= How to complete this task =
Would you please set down the lines of the data from the one containing "Building Photo - 2575 Clairebrooke Bnd" to the final line, exactly and only those?

= Data for this exercise =
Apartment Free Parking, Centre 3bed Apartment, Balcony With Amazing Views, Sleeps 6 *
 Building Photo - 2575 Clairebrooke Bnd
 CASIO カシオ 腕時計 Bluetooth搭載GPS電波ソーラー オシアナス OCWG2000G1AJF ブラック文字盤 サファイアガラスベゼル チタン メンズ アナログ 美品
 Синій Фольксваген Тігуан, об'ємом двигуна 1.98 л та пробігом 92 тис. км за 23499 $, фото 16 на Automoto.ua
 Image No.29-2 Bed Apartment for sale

= Written reply =
 Building Photo - 2575 Clairebrooke Bnd
 CASIO カシオ 腕時計 Bluetooth搭載GPS電波ソーラー オシアナス OCWG2000G1AJF ブラック文字盤 サファイアガラスベゼル チタン メンズ アナログ 美品
 Синій Фольксваген Тігуан, об'ємом двигуна 1.98 л та пробігом 92 тис. км за 23499 $, фото 16 на Automoto.ua
 Image No.29-2 Bed Apartment for sale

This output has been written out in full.